6502 FORTH, Part 6: 16-Bit Division

18 minute read

Published:

In my last post, I wrote an algorithm for multiplication. I figured I should at least finish wrapping up the basic arithmetic functions before I go back to writing the main Forth interpreter, so today I’m implementing division.

The Core Algorithm

There’s a bunch of ways to implement division on computers, but I’m going to be using one of the simplest methods. For people that are interested, I highly recommend this post from SEGGER Microcontroller on how to use the Newton-Raphson Method with fixed point multiplication to quickly divide numbers. Unfortunately, implementing this requires that we have the capability to multiply two 16-bit numbers into a 32-bit number, which I didn’t feel like implementing.

Instead, I’m going to be using the following long division algorithm (shamelessly taken from Wikipedia):

let N=numerator, D=denominator
let Q=0, R=0          # Quotient, Remainder
for i in (n-1) to 0:  # n is the number of bits in N
  R = R << 1
  R(0) = N(i)         # Set the 0'th bit of R to the i'th bit of N
  if R ≥ D:
    R = R - D
    Q(i) = 1          # Set the i'th bit of Q to 1

return R,Q

This is an easy algorithm that goes through the steps of long division on unsigned binary integers, and that doesn’t require more than 16 bits for each value. The one important thing to keep in mind is we need to calculate n, the number of bits in the numerator after discarding any leading zeros. The algorithm as a whole is pretty simple, it just takes a fair amount of code when writing it in assembly.

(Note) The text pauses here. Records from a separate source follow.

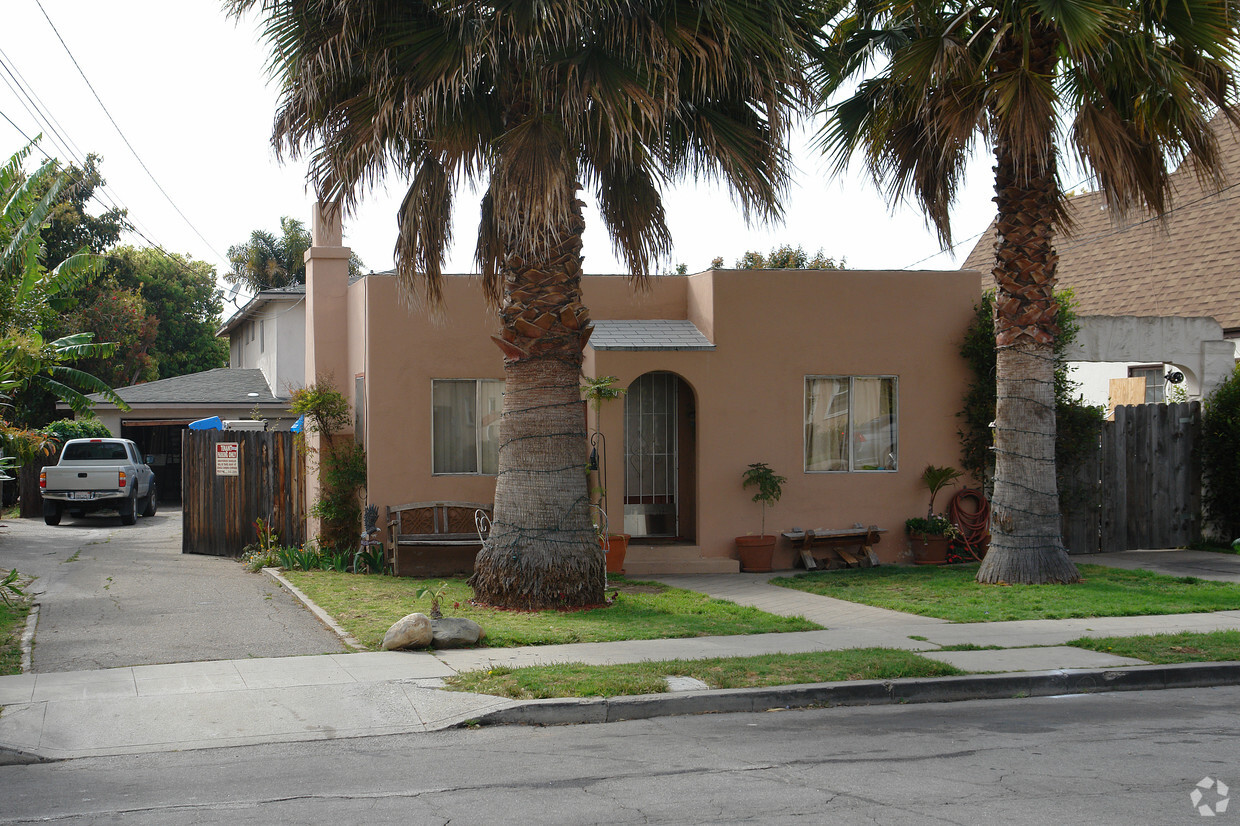 Primary Photo - 209-215 S Santa Cruz St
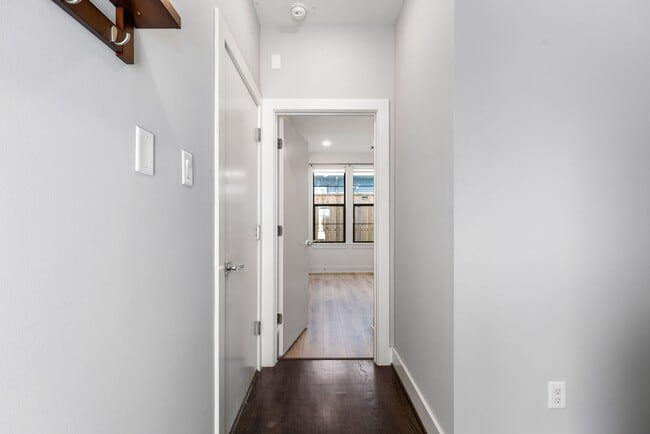 Photo - 1705 Weber St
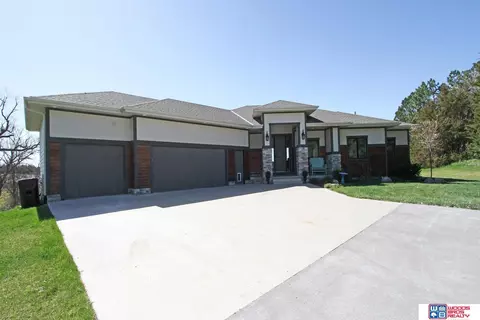 22107 A St, Eagle, NE 68347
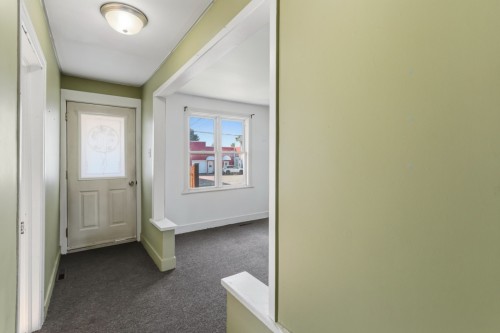 Hall d'entrée/Vestibule - 256  - 258 Rue Champlain, Salaberry-De-Valleyfield, QC - Indoor Photo Showing Other Room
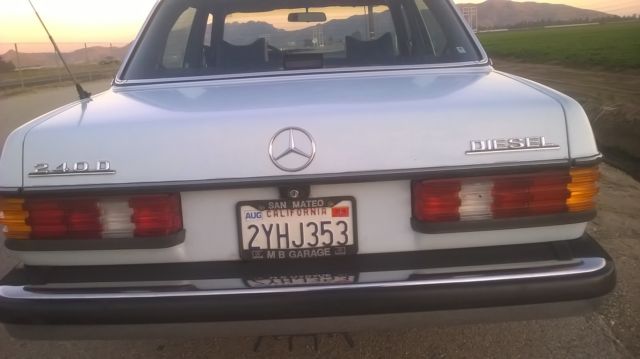 1978 Blue Mercedes-Benz 200-Series Sedan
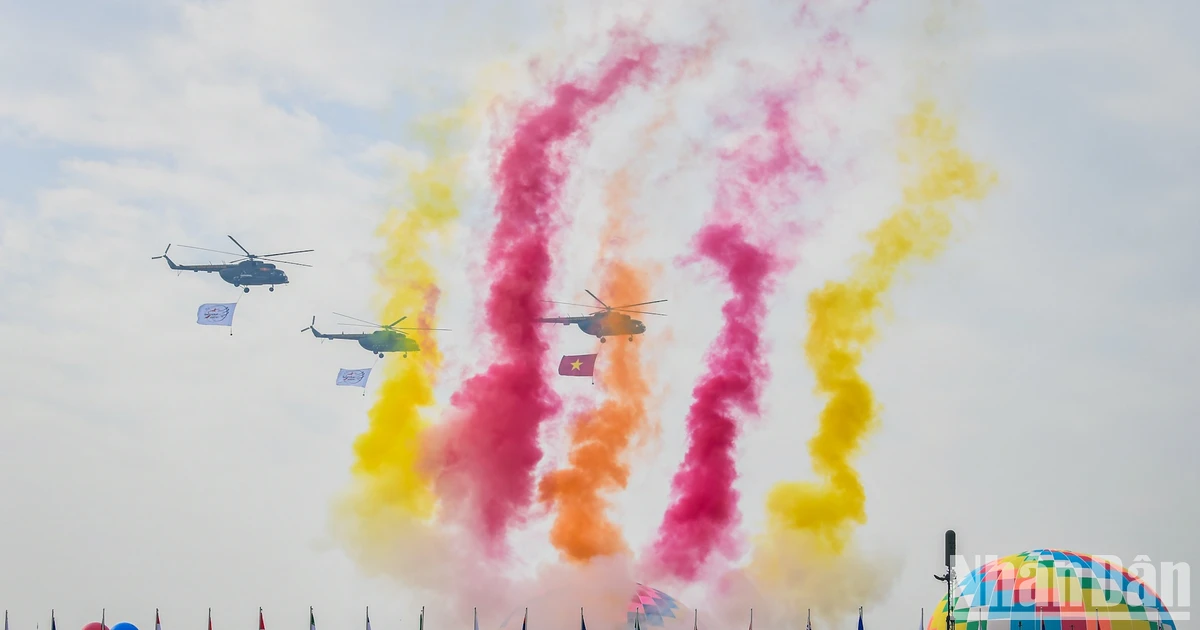 [Foto] Impresionante ceremonia de ensayo de la Exposición Internacional de Defensa de Vietnam 2024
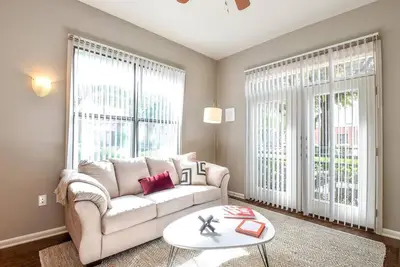 Image de Kasa | Plano | Dreamy 1bd\/1ba Apartment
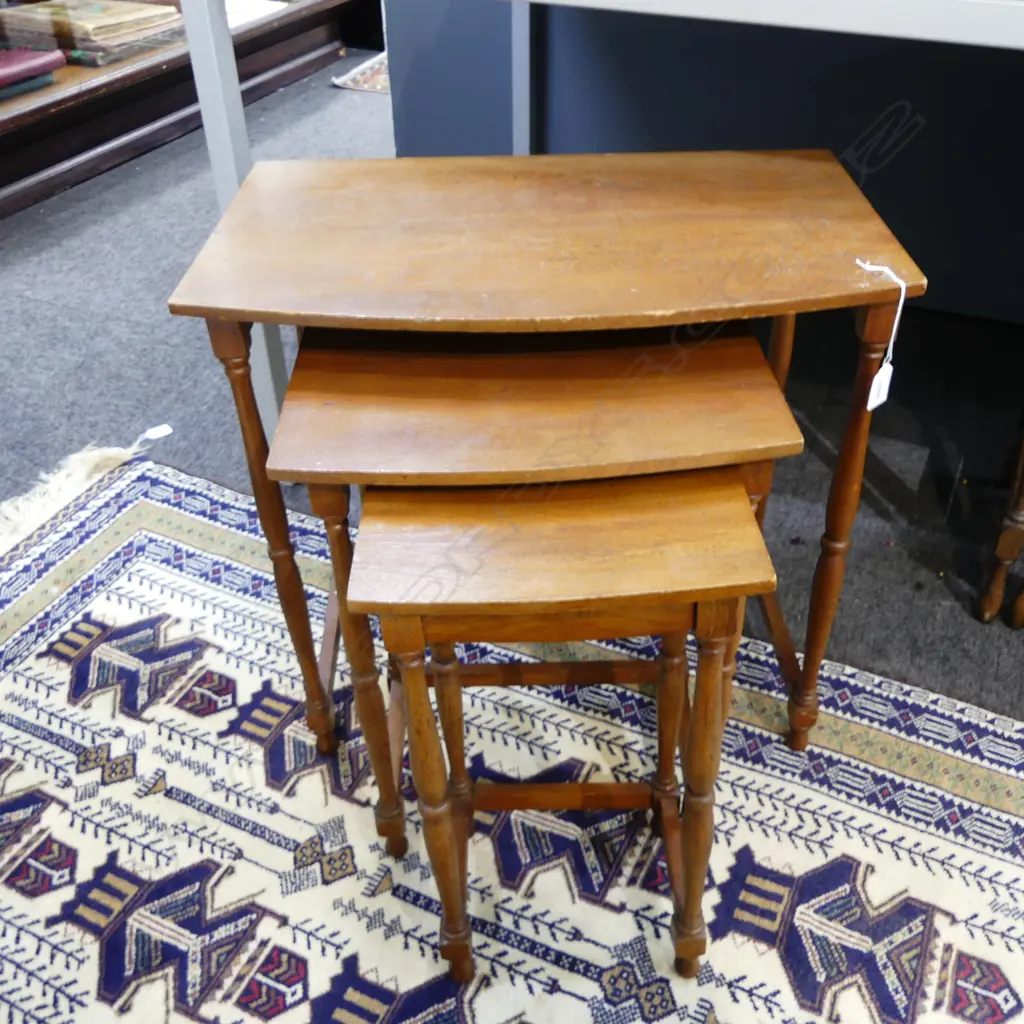 NESTING TABLE; 3, 1 MUCH LARGER  555x330x530mm Image 1++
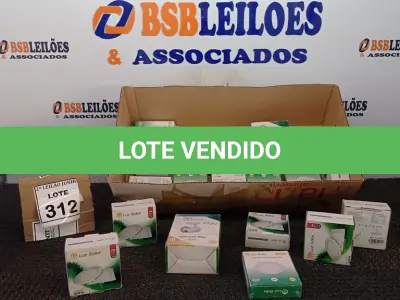 LOTE 312 - 01 LOTE COM VÁRIAS LUMINÁRIAS PAINEL SOLAR MODELOS DIVERSOS. (NO ESTADO) ATENÇÃO! FAZER A VISITAÇÃO ANTES DE ARREMATAR, NÃO SABEMOS SE FUNCIONA, LEILÃO NÃO TEM GARANTIA E NEM DEVOLUÇÃO, SUJEITO A POSSÍVEIS AVARIAS VISÍVEIS/OCULTAS E/OU AUSÊNCIA DE COMPONENTES.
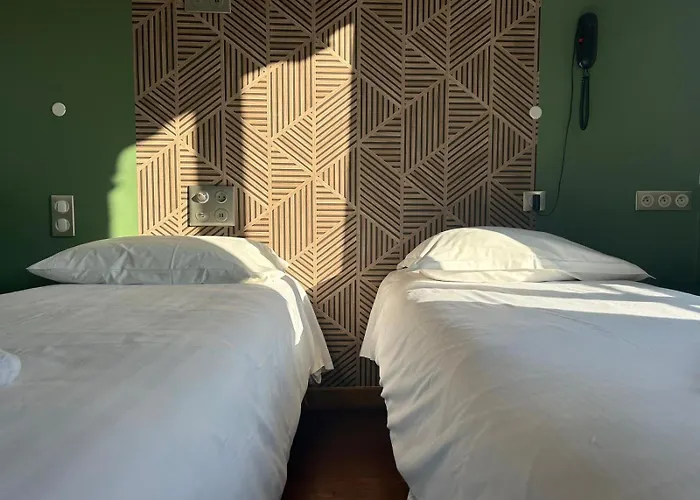 Хостел Oops! Latin Quarter By Hiphophostels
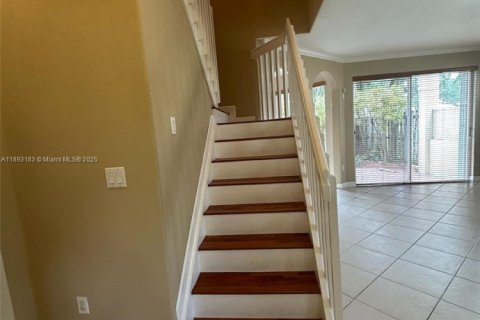 Снять в аренду таунхаус в Дорал, Флорида 4 спальни, 211.45м2, № 1945327 - фото 14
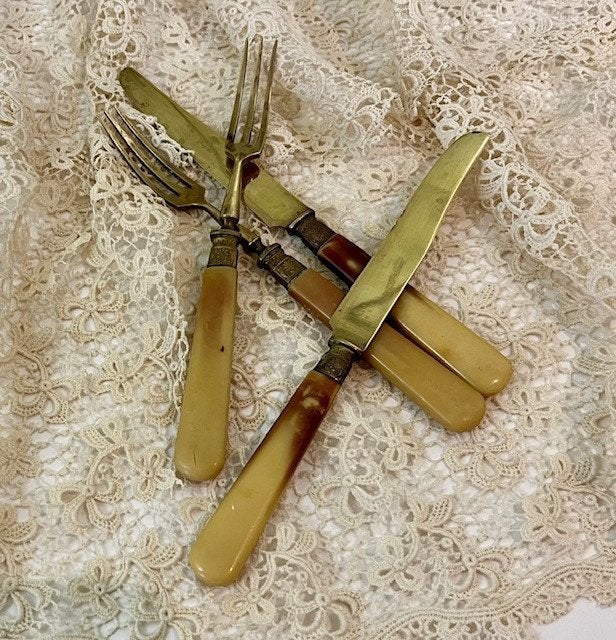 Set antieke koperen mesjes (12 st.) en vorkjes (12 st.), Ophalen of Verzenden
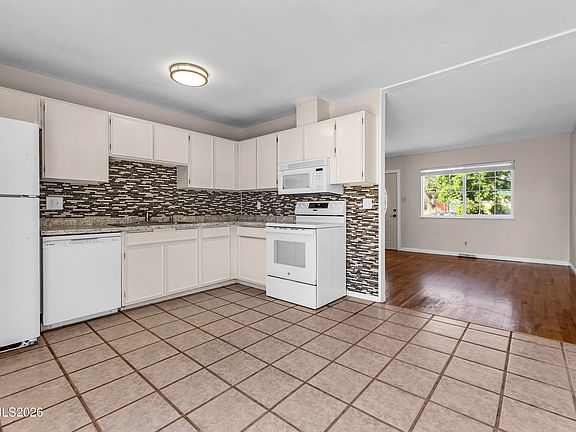 5th image of 3280 Sandra Dr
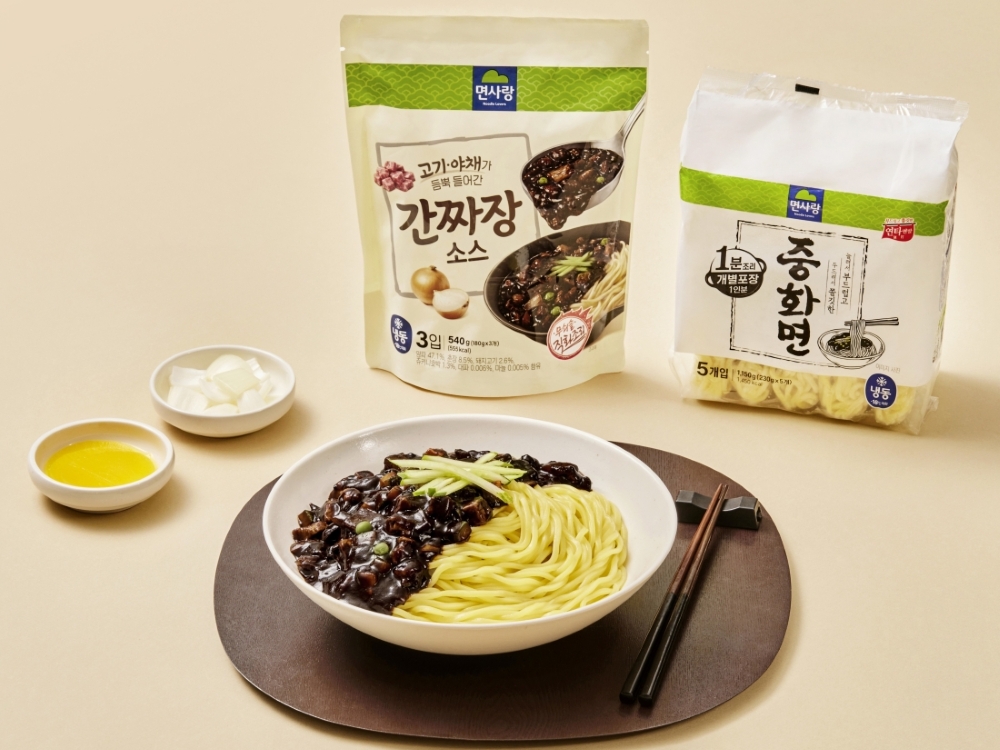 ▲면사랑, 간짜장 소스와 중화면 (사진제공=면사랑)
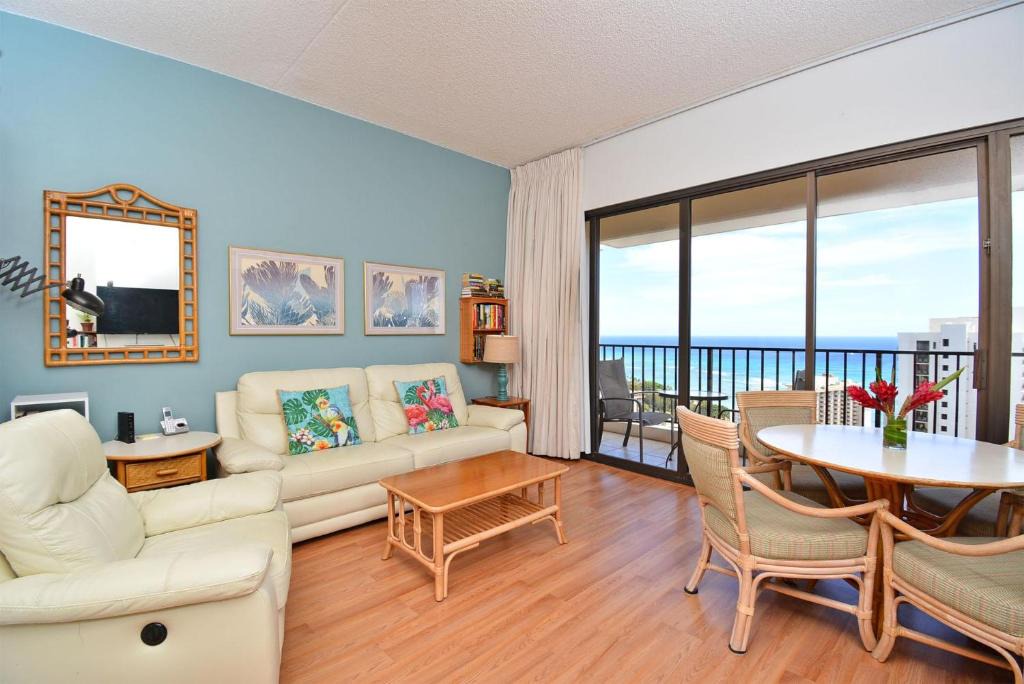 Waikiki Bed & Breakfast | Waikiki Banyan #3810-T2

Implementing the Algorithm

As always, I’m using my implementation of a 16-bit stack. You can look at my previous posts for how it’s implemented, but essentially it’s a downward growing block of memory that starts at the top of the zero page. For consistency with all my other functions, this will remove the top two values of the stack and replace them with the result of the operation. Since we’re calculating the remainder and the quotient, we’re going to store both of these at the end. The stack before and after looks like this:

Top of Stack  ----->  Top of Stack

   Divisor    ----->   Remainder

  Numerator   ----->   Quotient

Notice here that we’re treating the top entry of the stack as the denominator of the operation, and the second entry as the numerator. This feels like a good decision, since we’d probably expect to have whatever number we’re working with on top of the stack. This makes it simpler to just push a divisor and then divide; if we treated the top value as the numerator, dividing the number at the top of the stack by another would require three calls (push, swap, divide).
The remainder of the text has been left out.